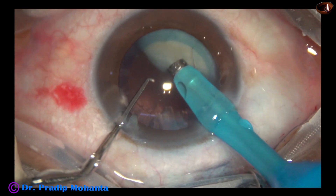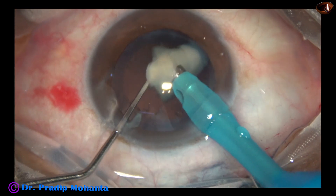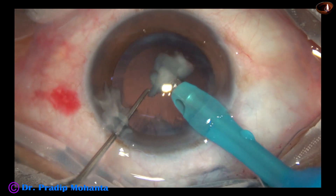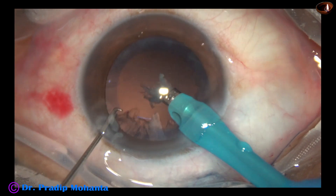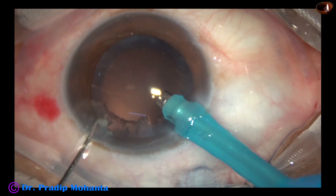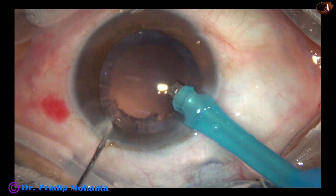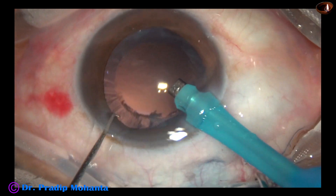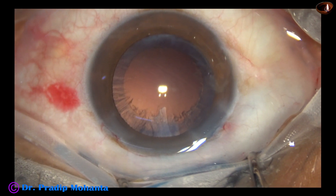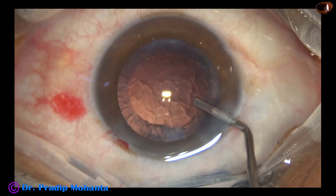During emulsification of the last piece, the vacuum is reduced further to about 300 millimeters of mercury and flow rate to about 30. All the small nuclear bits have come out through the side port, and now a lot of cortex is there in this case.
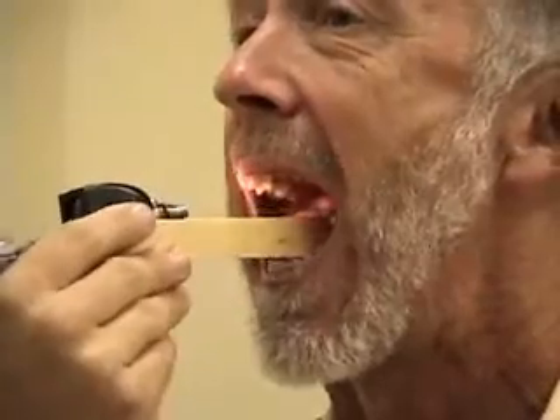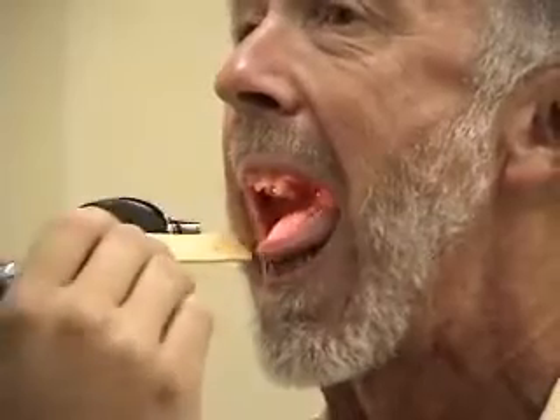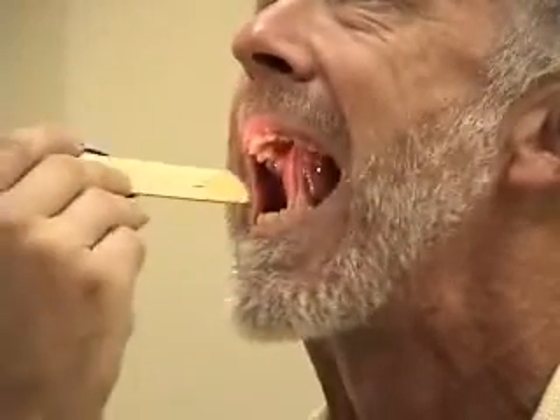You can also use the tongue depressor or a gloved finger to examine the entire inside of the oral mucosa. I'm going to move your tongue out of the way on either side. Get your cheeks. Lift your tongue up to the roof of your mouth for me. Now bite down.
---
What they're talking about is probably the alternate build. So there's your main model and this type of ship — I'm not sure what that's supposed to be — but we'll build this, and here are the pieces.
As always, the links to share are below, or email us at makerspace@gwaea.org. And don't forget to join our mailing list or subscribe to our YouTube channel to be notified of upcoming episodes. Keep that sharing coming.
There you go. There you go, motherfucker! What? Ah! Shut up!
---
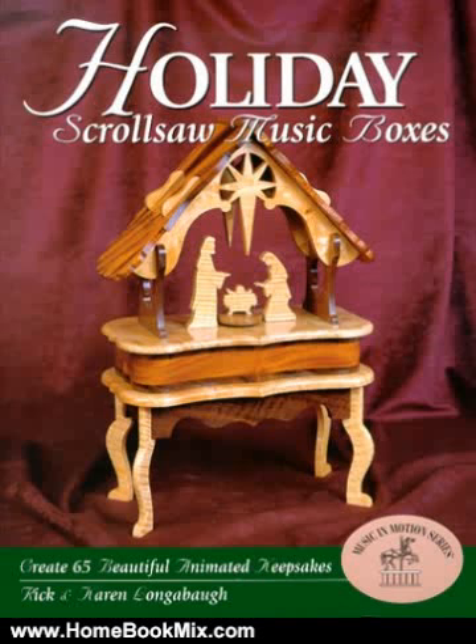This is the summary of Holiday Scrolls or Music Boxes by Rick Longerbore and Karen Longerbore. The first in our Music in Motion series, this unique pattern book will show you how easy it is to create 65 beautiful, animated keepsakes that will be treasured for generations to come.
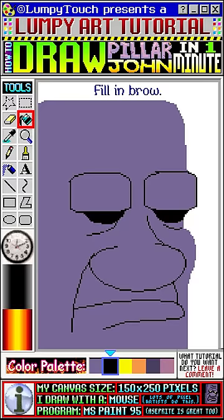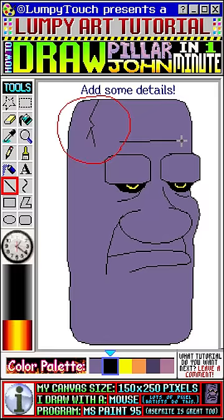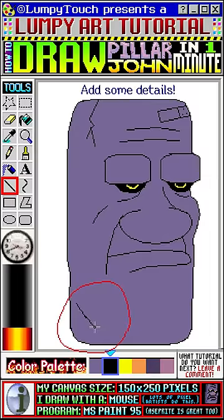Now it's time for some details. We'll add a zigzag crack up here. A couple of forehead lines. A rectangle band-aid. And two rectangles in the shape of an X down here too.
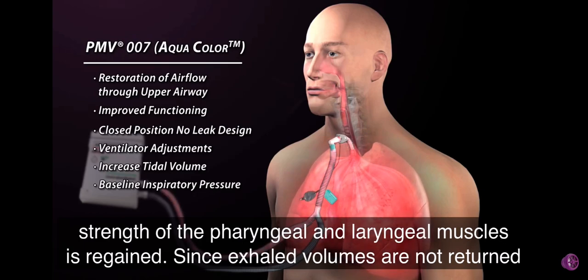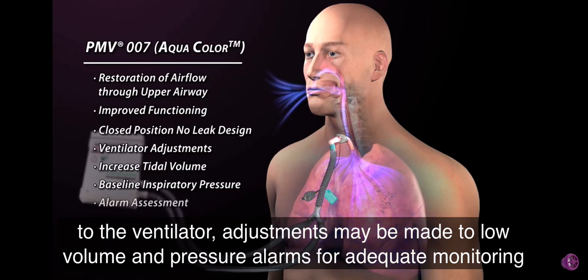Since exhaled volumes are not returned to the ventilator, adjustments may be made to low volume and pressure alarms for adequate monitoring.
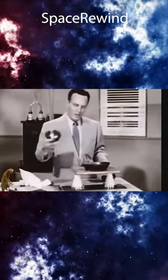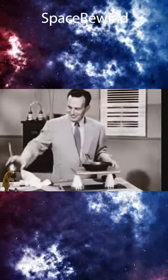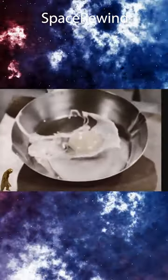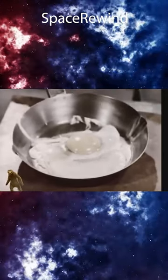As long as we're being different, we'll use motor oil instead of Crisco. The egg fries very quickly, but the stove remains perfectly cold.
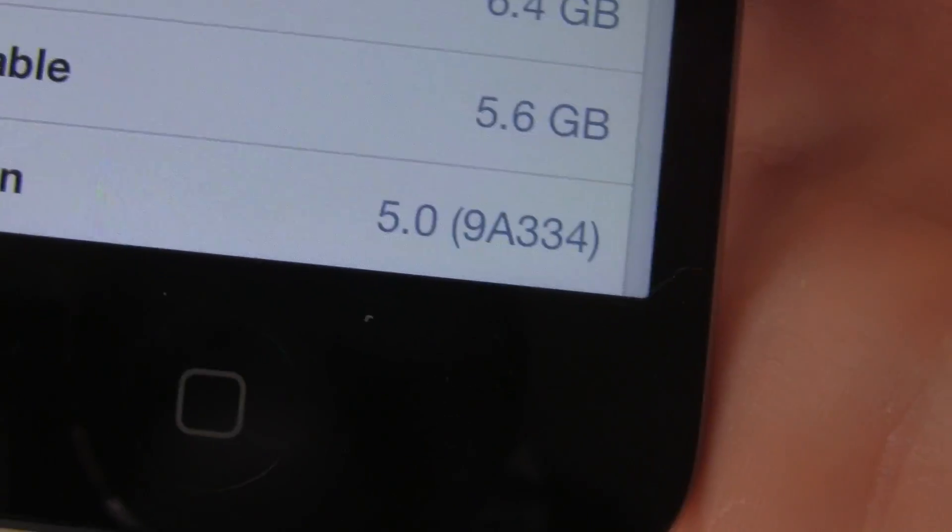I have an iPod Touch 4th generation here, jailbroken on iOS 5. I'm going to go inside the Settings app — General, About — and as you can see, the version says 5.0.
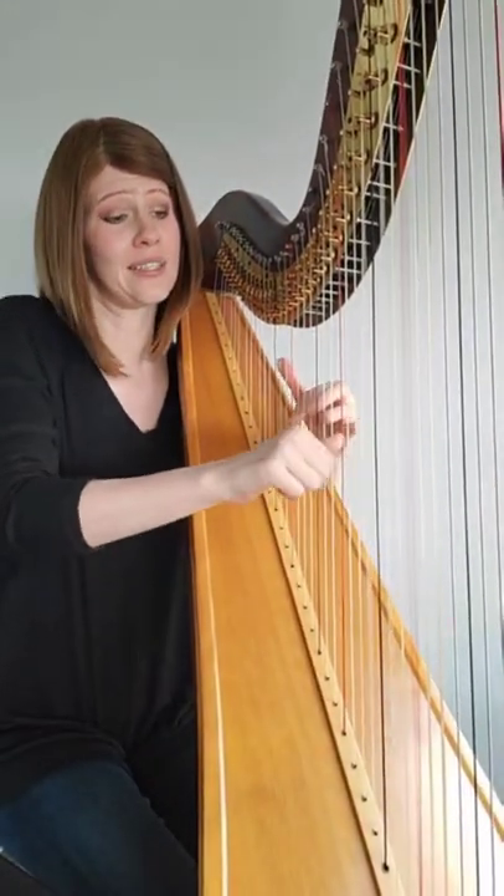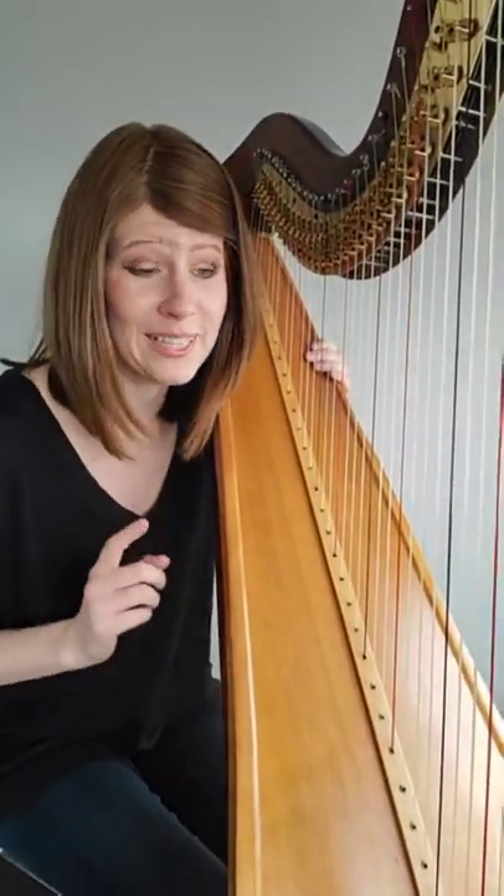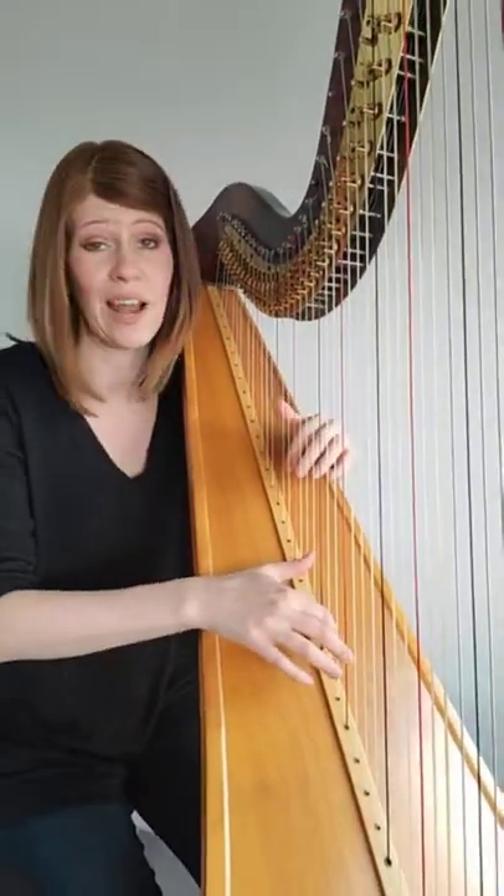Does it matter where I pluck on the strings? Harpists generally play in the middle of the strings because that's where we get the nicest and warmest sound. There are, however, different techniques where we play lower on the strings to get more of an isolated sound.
---
**Problem to solve:**
The copy should hold exactly the lines above from the one with "During emulsification of" through the one with "You can also", both ends counted, and no pictures at all.

**Answer:**
During emulsification of the last piece, the vacuum is reduced further to about 300 millimeters of mercury and flow rate to about 30. All the small nuclear bits have come out through the side port, and now a lot of cortex is there in this case.
You can also use the tongue depressor or a gloved finger to examine the entire inside of the oral mucosa. I'm going to move your tongue out of the way on either side. Get your cheeks. Lift your tongue up to the roof of your mouth for me. Now bite down.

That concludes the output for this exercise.